First sustainability progress report published
“Sustainability remains at the core of our infrastructure and tournament operational planning, and by delivering a fully carbon neutral FIFA World Cup through these various initiatives, we hope to set new standards for sustainable mega event hosting.”
The FIFA World Cup 2022™ First Sustainability Progress Report provides an update on the progress made by FIFA, the Supreme Committee for Delivery & Legacy (SC) and FIFA World Cup Qatar 2022 LLC (Q22) in 2019 regarding their five sustainability commitments, including human rights, diversity and environmental protection.
Mahmoud Qutub, the SC’s Workers’ Welfare Executive Director, said: “We are driven by a commitment to ensure the people building our stadiums and venues are treated with the utmost dignity and respect. Tangible changes in worker standards on our projects now serve as benchmarks across Qatar and the region.”
Earlier in the year, FIFA, Q22 and the SC published the development process for the FIFA World Cup 2022 Sustainability Strategy. The SC also released the FIFA World Cup 2022 Sustainable Stadiums report, outlining the sustainability features of each of tournament venue in relation to design, construction and legacy.
The organisers will continue reporting on their progress and publish a full Sustainability Report of the tournament in 2023.
Ground-breaking legal changes strengthen protection of workers’ rights
“Since the FIFA World Cup 2022 was awarded to Qatar, there has been a major collective effort from the local authorities, our partner the Supreme Committee for Delivery & Legacy and the ILO to bring about positive change, and we are really pleased to see that this has materialised into concrete major progress in the area of workers’ rights.”
FIFA welcomed major steps announced by the State of Qatar in the area of workers’ rights in September.
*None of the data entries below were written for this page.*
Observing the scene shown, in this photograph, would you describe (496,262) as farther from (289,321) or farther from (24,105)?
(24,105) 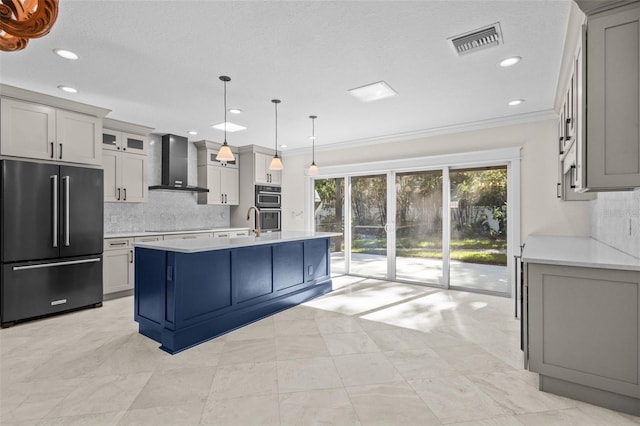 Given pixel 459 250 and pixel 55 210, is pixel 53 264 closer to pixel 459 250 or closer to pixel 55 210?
pixel 55 210

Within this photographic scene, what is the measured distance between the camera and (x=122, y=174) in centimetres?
488

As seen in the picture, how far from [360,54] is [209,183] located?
169 inches

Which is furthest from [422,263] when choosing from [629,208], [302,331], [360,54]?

The adoption of a new law removes the need for migrant workers to obtain their employer’s permission to change jobs while also establishing, for the first time in the region, a non-discriminatory minimum wage.
The International Labour Organization (ILO), which played a crucial role in bringing about these important changes, commented that the reform “effectively dismantles the ‘kafala’ sponsorship system and marks the beginning of a new era for the Qatari labour market."
The new law was also acknowledged by other international organisations such as the International Trade Union Confederation, Amnesty International and the Centre for Sport & Human Rights.
23 national teams confirmed for the FIFA Arab Cup 2021™
FIFA President Gianni Infantino confirmed in November that 22 national teams from the Arab region (since increased to 23 teams) had signed up to participate in the FIFA Arab Cup™, which will be staged from 1 to 18 December 2021.
Speaking during a visit to Lusail Stadium, which will host the FIFA World Cup Qatar 2022™ Final, President Infantino said: “We are delighted that all 22 teams from across the Arab world have agreed to take part in the FIFA Arab Cup 2021. We are confident that the FIFA Arab Cup will help to build excitement across the region as we edge ever nearer to hosting the first FIFA World Cup in the Middle East and Arab world in 2022.”
Two new stadiums unveiled
Two years ahead of the world’s biggest single-sport event, Qatar inaugurated two FIFA World Cup stadiums: Education City Stadium in June and Ahmad Bin Ali Stadium on Qatar National Day in December.
Secretary General of the SC HE Hassan Al Thawadi, said, “Looking ahead to 2021, we look forward to unveiling more stadiums in the new year, as we ensure that all tournament venues are delivered well in advance of the big kick-off in 2022.”
Qatar 2022 qualifying takes shape
The qualifying campaign for the FIFA World Cup Qatar 2022™ was hit by a number of organisational challenges in 2020. But with the action under way in South America, and draws held by UEFA, CAF and Concacaf, the path to the global finals has started to take shape in every confederation.